Bien que spécifiques à la culture du cacao, les défis auxquels font face les producteurs ne sont pas sans rappeler ceux auxquels font face nos agriculteurs et agricultrices en France et en Europe. Partout, la question du revenu est centrale. La juste rémunération est non seulement un droit humain (6), mais c'est également la condition sine qua non de filières agricoles durables.

La France et l'Union européenne se penchent de plus en plus sur la régulation du commerce mondial pour réduire son impact sur les droits humains, l'environnement et rééquilibrer les relations commerciales. Les pays consommateurs ont la responsabilité de créer un environnement favorable à la structuration de chaînes de valeur équitables, où les agriculteurs, premiers maillons de la chaîne, reçoivent le prix juste leur permettant de vivre dans des conditions décentes.

Nous, parlementaires, appelons à une réglementation qui favorise des relations commerciales équitables rémunérant au juste prix les producteurs en France et dans le monde.

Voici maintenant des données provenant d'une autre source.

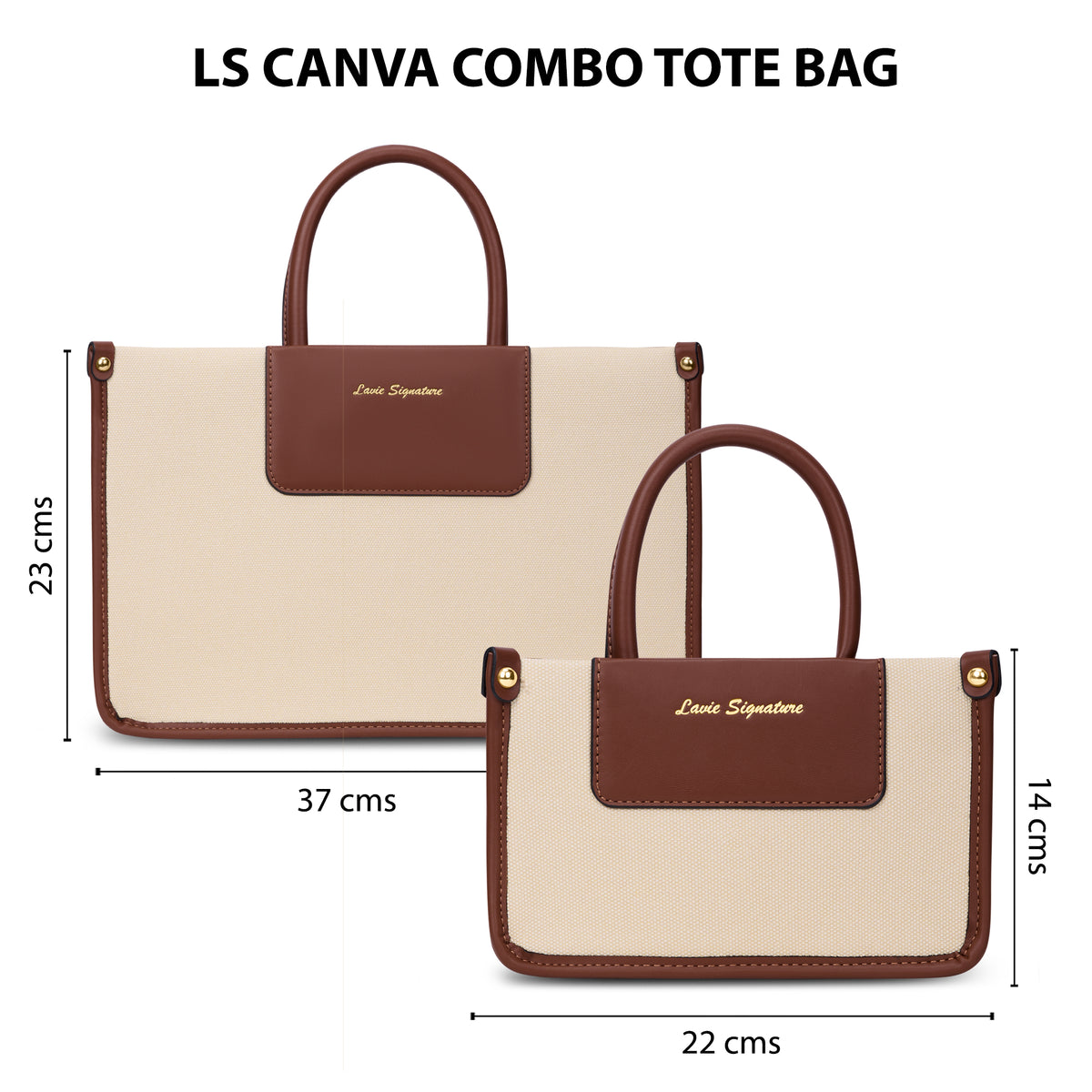Canva Combo Set Large Off White & Tan Tote Bag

Ainsi, la France devrait défendre l'inclusion du droit à un revenu vital (7) dans les discussions que mènent le Conseil et le Parlement européens sur la future directive européenne sur le devoir de vigilance des entreprises en matière de durabilité. Les entreprises auraient ainsi la responsabilité de s'assurer que leurs stratégies et leurs pratiques commerciales (notamment la fixation des prix) sont adaptées pour permettre aux agriculteurs de gagner dignement leur vie.

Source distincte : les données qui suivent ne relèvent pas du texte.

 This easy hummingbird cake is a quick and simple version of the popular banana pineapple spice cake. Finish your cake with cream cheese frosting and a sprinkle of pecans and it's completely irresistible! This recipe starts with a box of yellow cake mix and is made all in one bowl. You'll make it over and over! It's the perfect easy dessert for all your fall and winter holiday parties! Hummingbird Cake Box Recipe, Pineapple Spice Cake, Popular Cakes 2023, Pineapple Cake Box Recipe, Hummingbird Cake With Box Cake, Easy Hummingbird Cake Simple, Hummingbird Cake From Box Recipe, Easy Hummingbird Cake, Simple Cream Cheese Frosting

La France devrait également signer la Déclaration commune pour le salaire vital et le revenu vital déjà signée par l'Allemagne, les Pays-Bas, la Belgique et le Luxembourg.

Ces deux engagements à court terme seraient un premier pas vers la prise en compte des prix rémunérateurs dans la structuration de chaînes de valeur durables, et de meilleures conditions de travail et de vie pour les producteurs et productrices en France et dans le monde.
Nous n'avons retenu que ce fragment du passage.